Pada Tanggal 5 Juli 2015 Ketua Umum MIUMI, Dr. Hamid Fahmi Zarkasyi membedah kesalahan konsep "Islam nusantara" yang belakangan diusung kelompok Umat Islam yang didukung Negara. Mengapa mereka melabeli Islam Arab, Islam Indonesia, Islam Malaysia, Islam Sunda, Dst? Menurut beliau, karena sebahagian mereka ingin menjadikannya plural, jika sudah terjadi pluralitas maka akan terjadi relativitas.

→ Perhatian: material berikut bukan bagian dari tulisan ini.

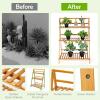 imageGiantex 3 Tier Folding Storage Shelf Bamboo Ladder Plant Stand Multiple Flower Pot Holder Succulent Display Rack Foldable Shelving Unit for Balcony Garden Living Room Indoor Outdoor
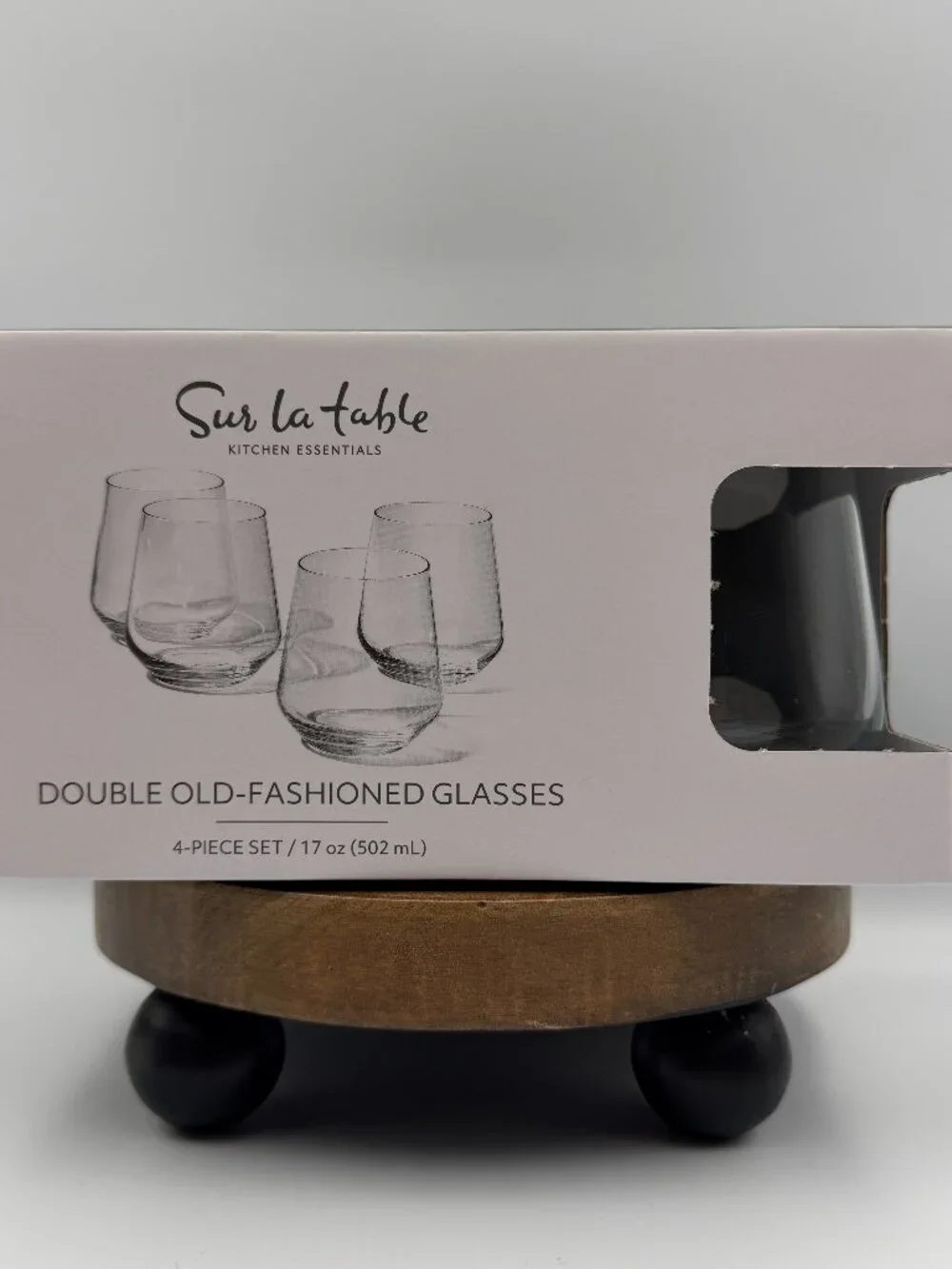 Sur La Table Kitchen Essentials Double Old-Fashioned Glasses 17oz Set of 4 NIB
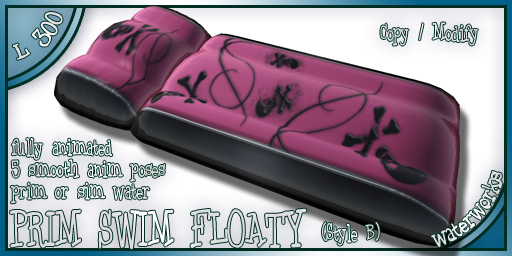 WaterWorks -FLOATY MATTRESS - PINK SKULL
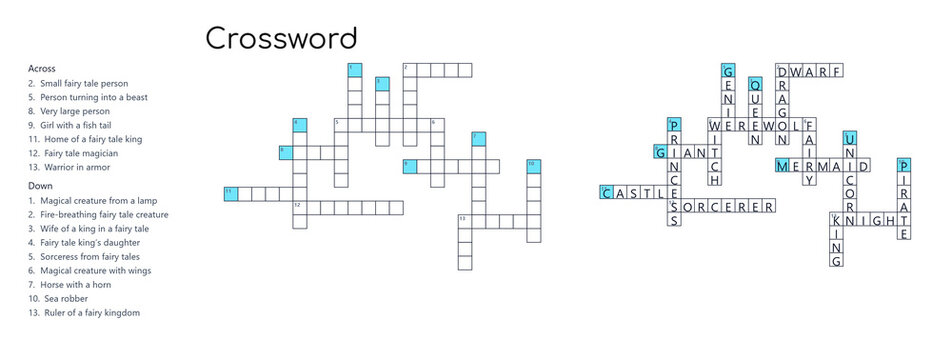 Crossword with answers about fairy tale characters on transparent background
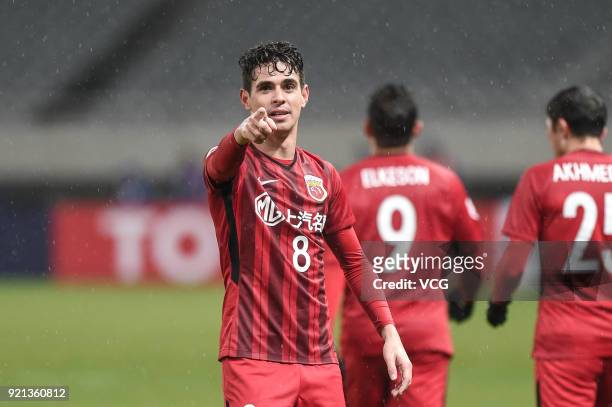 Oscar of Shanghai SIPG celebrates a goal during the 2018 AFC Champions League Group F match between Shanghai SIPG and Melbourne Victory at Shanghai...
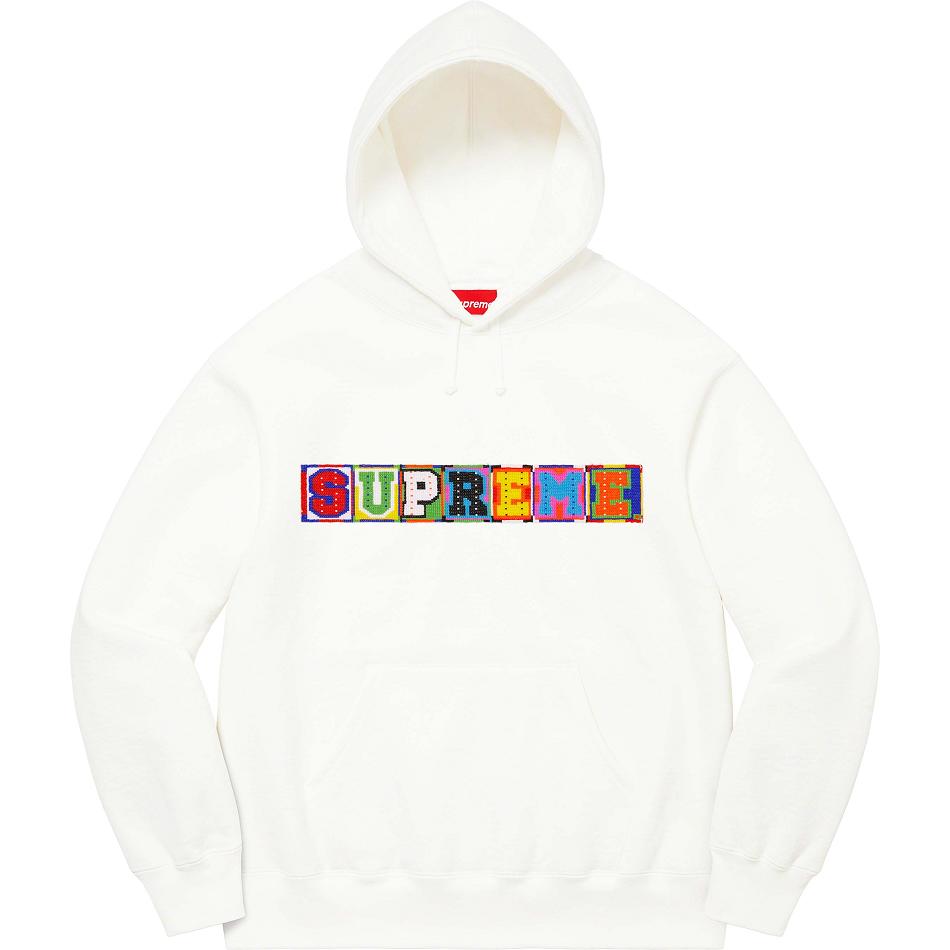 Supreme Beaded Hooded Sweatshirts White | SG319XF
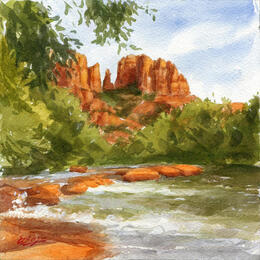 Painting Cathedral Rock et la rivière by Elisabeth Bazin | Painting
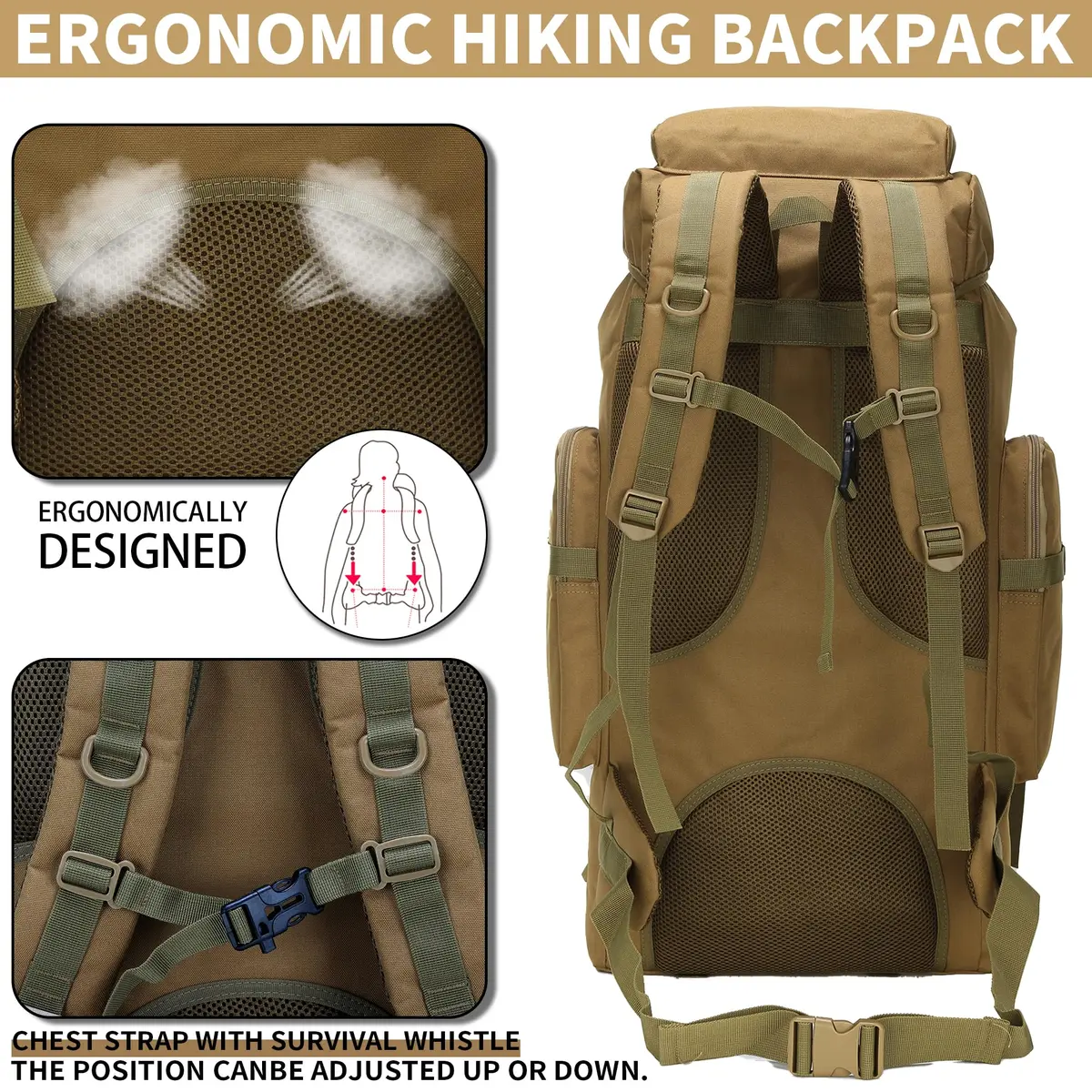 W WINTMING 70L Hiking Backpack for Men | Military Rucksack with Molle System & Expandable Capacity - view 5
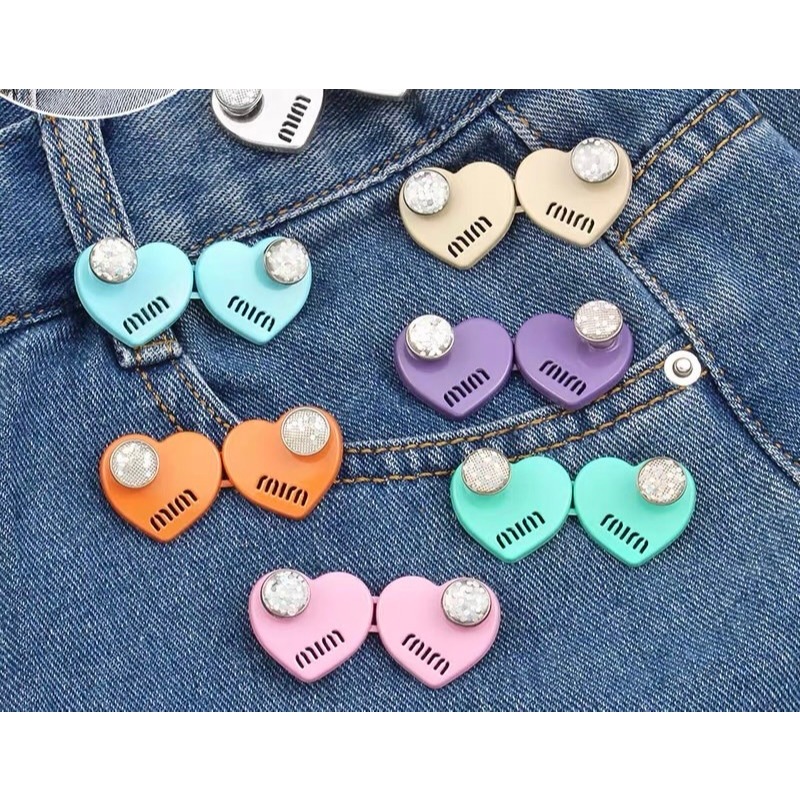 💖MKL💖 กระดุมปรับเอวรูปหัวใจ กางเกงเกงยีนส์ แบบหมุดถอดออกได้  กระดุมโลหะ แฟชั่นถอดออกได้ #Y57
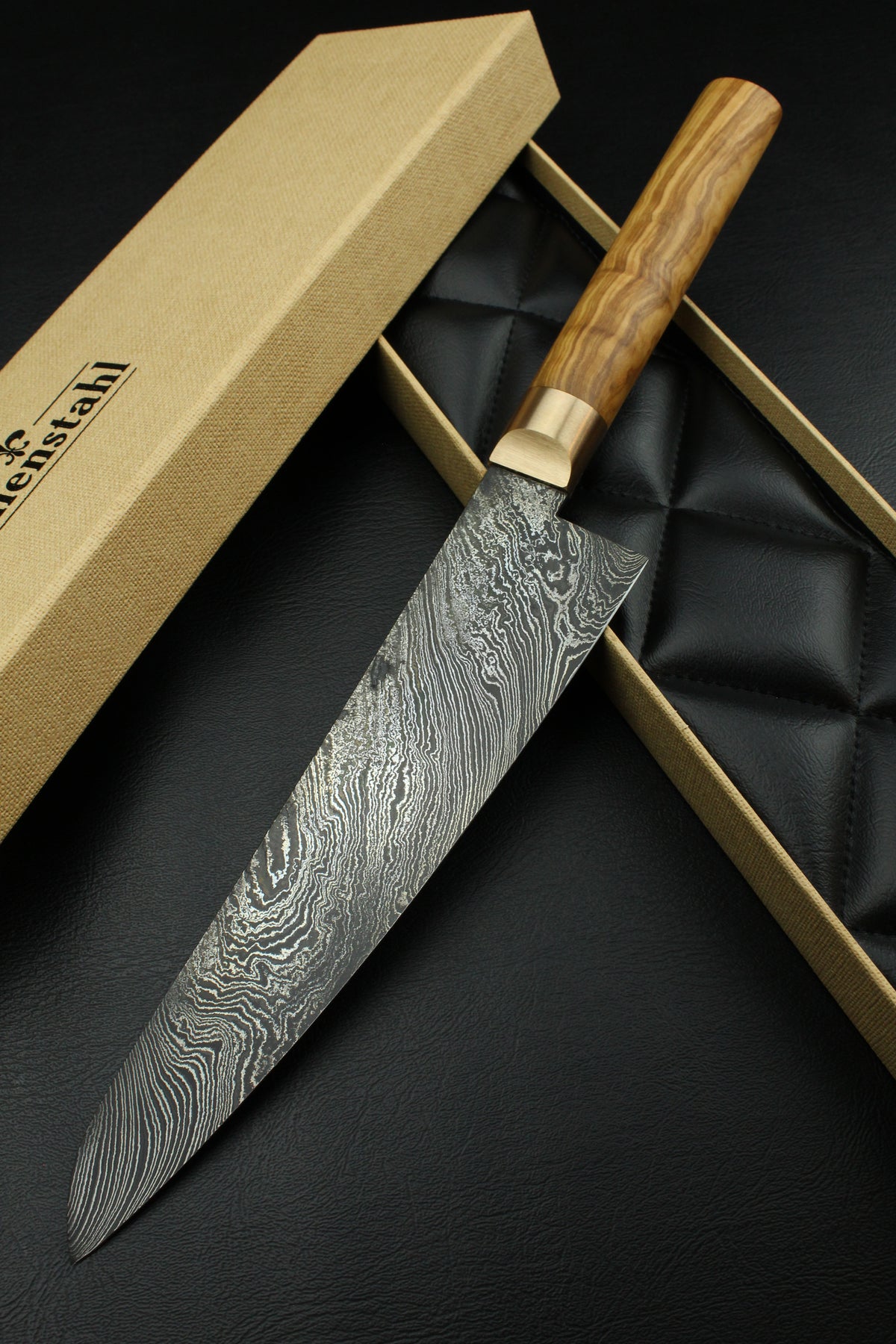Damast-Gyuto Torsion Olive Oval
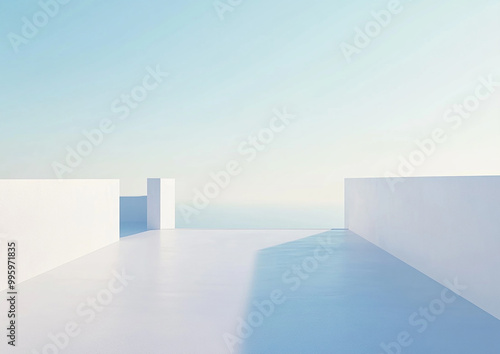 Abstract 3d rendering minimalist style architectural space scene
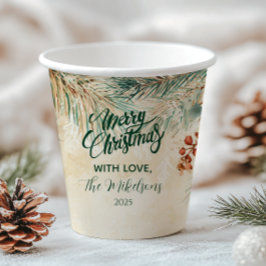Rustikale Weihnachtszeit und Pinienfest Pappbecher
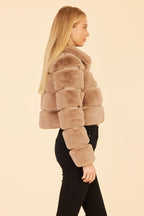Paneled Faux Fur Vegan Leather Cropped Jacket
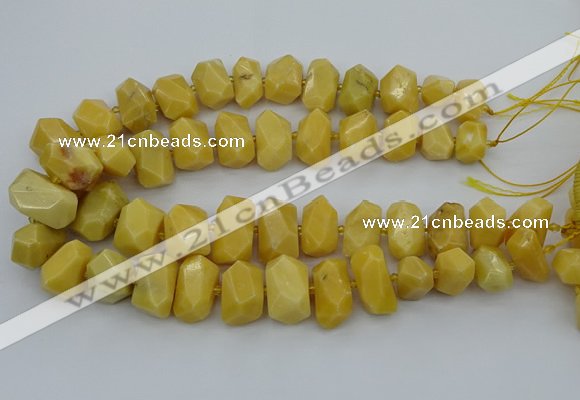 CNG5402 15.5 inches 12*16mm - 15*20mm faceted nuggets yellow jade beads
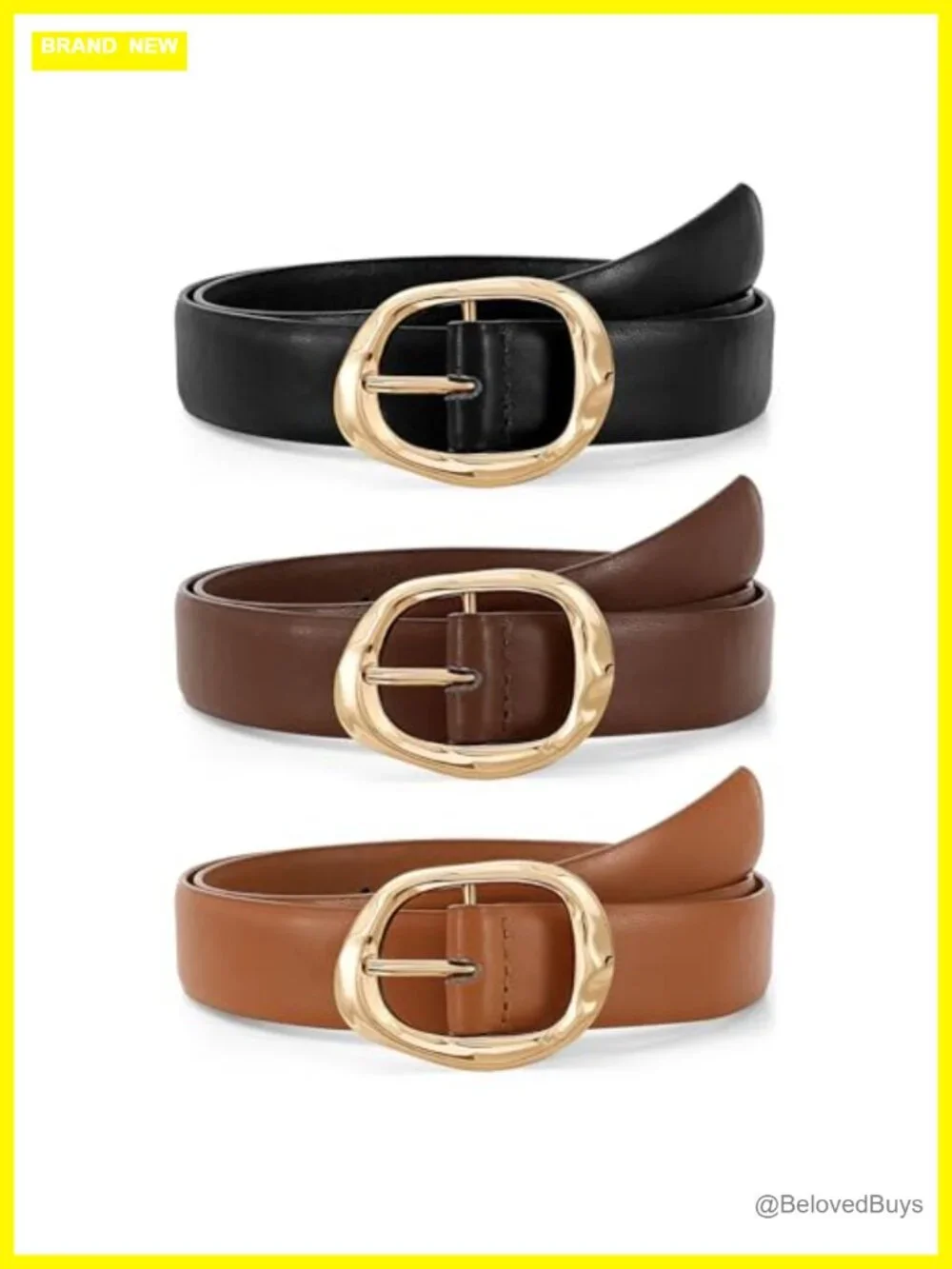 3 Pack Women's Faux Leather Belts with Gold Buckle Casual
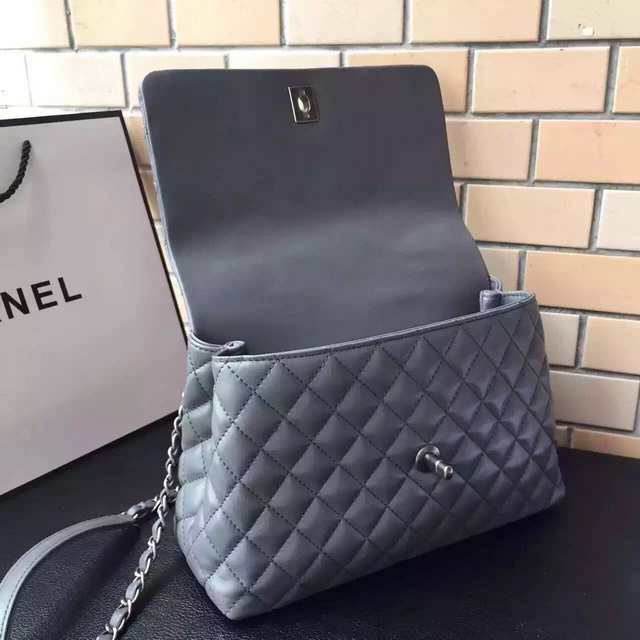 Chanel Small Coco Handle Bag Grey Lambskin Lizard Handle for Sale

Ia juga menyatakan bahwa penyebutan Islam nusantara berarti memberikan atribut Islam dengan sesuatu yang partikular, yang sangat membatasi Islam. KH Misbahul Anam menyampaikan dengan satu istilah "Islam Nusantara" akan berpotensi memunculkan istilah-istilah lain.Peneliti budaya Jawa, Susiyanto menilai bahwa ada perbedaan antara Islam Nusantara dengan dakwah para wali. Menurutnya, pada masanya Wali Songo tidak menginginkan Islam Nusantara sebagai target dakwah mereka; "Tapi mereka itu sedang melakukan proses pengislaman Nusantara. jadi, saya melihat ini dua hal yang berbeda." Tandasnya.
John L Esposito menulis buku Islam The Straight Path (Islam jalan lurus atau Islam Sirathal Mustaqim). Di Indonesia sendiri pernah diintroduksi Islam rahmatan lil'alamin. Keduanya tidak ada maslah dalam penyebutannya. Abul Ala Al-Maududi dalam bukunya Toward Understanding Islam (1996), mengatakan bahwa Islam tidak dapat dinisbatkan kepada pribadi atau kelompok manusia manapun karena Islam bukan milik pribadi, rakyat, atau negri maan pun.
Prof. Koentjaraningrat mengatakan: "Religi dan Agama sulit juga untuk (disesuaikan) dengan sengaja menurut sifat-sifat khas Indonseia. Agama adalah Titah Tuhan' maka sebaiknya janganlah kita berusaha untuk mengembangkan sesuatu agama Islam khas ala Indonesia...".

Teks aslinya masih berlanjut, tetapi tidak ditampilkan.